**About this task**
What follows is a listing; repeat exactly, and only, its lines from the one holding "Adeline1189's tweet photo." through the last, leaving any pictures out.

**Exercise data**
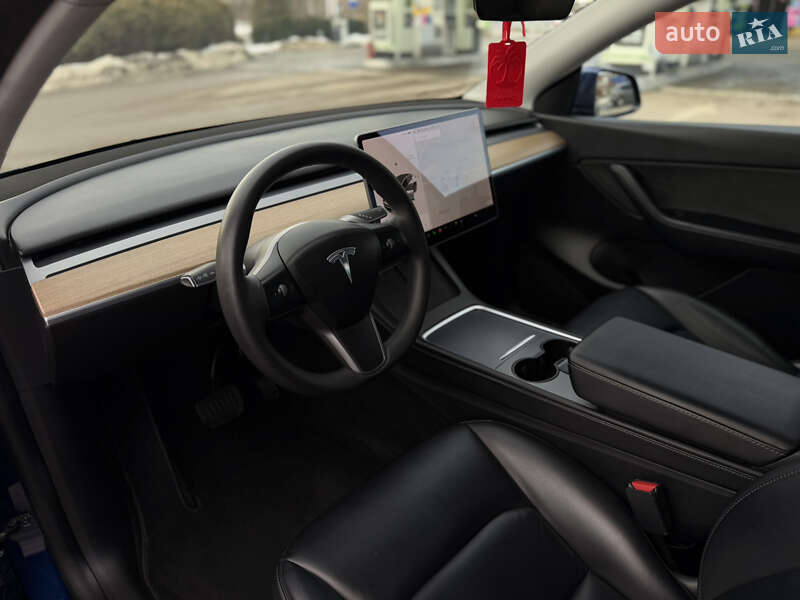 Внедорожник / Кроссовер Tesla Model Y 2021 в Дрогобыче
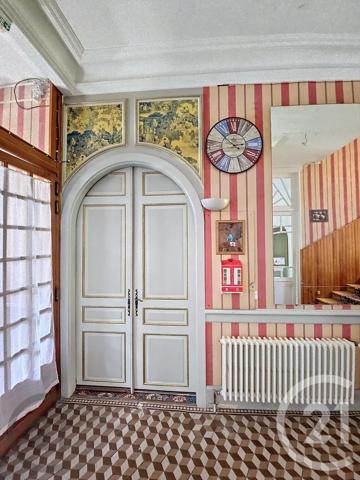 Maison à vendre  22 pièces - 609,54 m 2   CHATEL GUYON  - 63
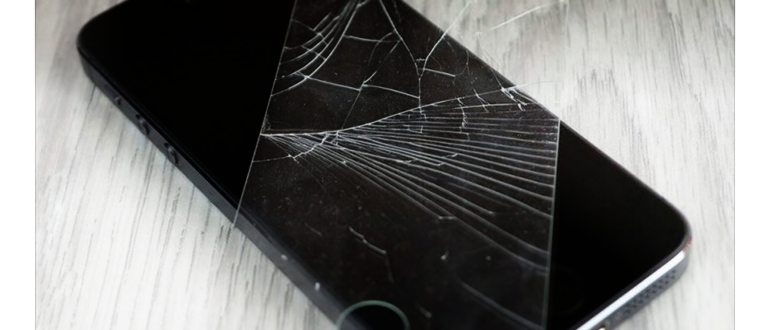 Пленка или стекло на телефон что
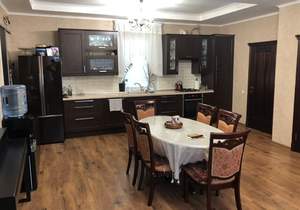Дом 140м², 2-этажный, участок 5 сот.  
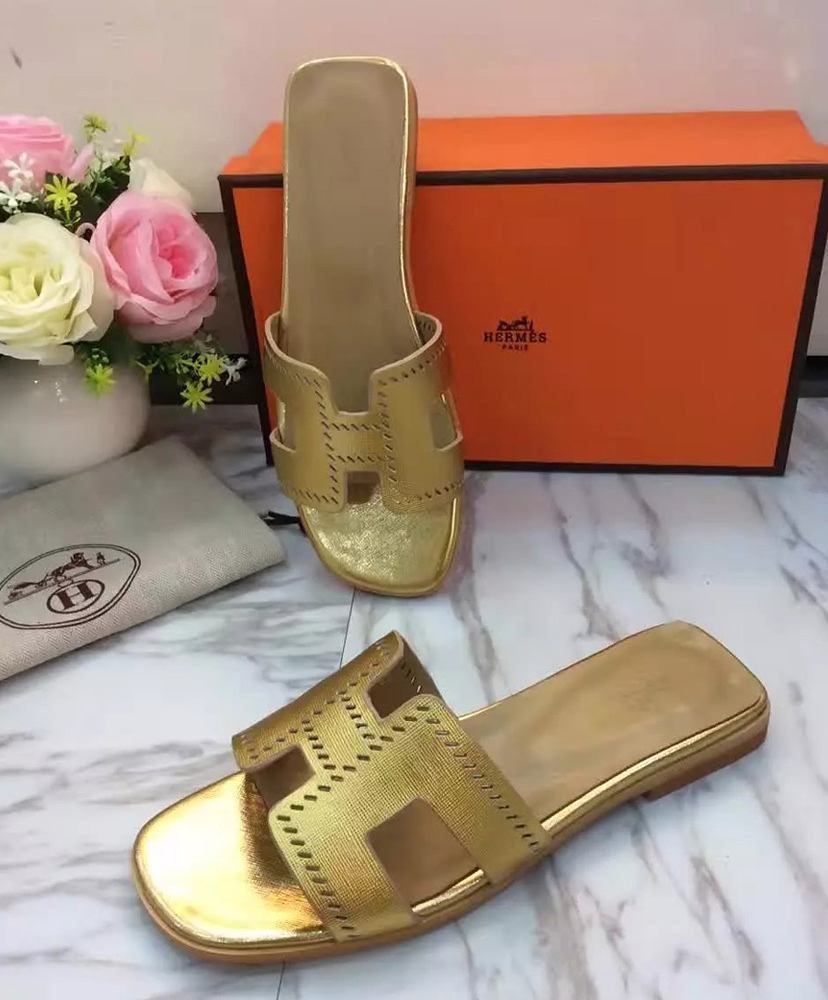 Adeline1189's tweet photo. #Herems #Hermesbags #handbags #purse #shoulderbags #slipper #cheap #2017 #gold #flapbags #women #pretty #accessories#Herems #Hermesbags #ha… https://t.co/KkVdulFy1q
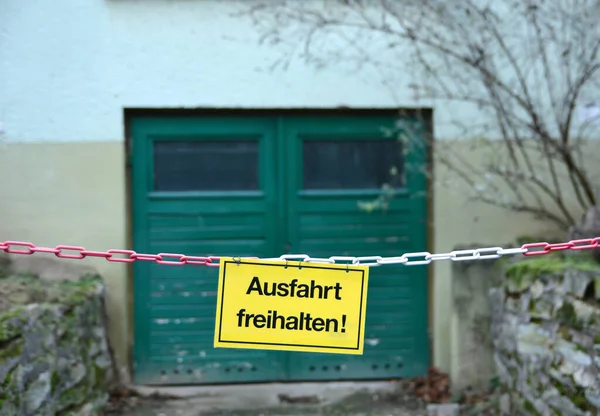 Κίτρινη Πινακίδα Στερεωμένη Αλυσίδα Τις Γερμανικές Λέξεις Για Keep Gateway — Φωτογραφία Αρχείου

**Task result**
 Adeline1189's tweet photo. #Herems #Hermesbags #handbags #purse #shoulderbags #slipper #cheap #2017 #gold #flapbags #women #pretty #accessories#Herems #Hermesbags #ha… https://t.co/KkVdulFy1q
 Κίτρινη Πινακίδα Στερεωμένη Αλυσίδα Τις Γερμανικές Λέξεις Για Keep Gateway — Φωτογραφία Αρχείου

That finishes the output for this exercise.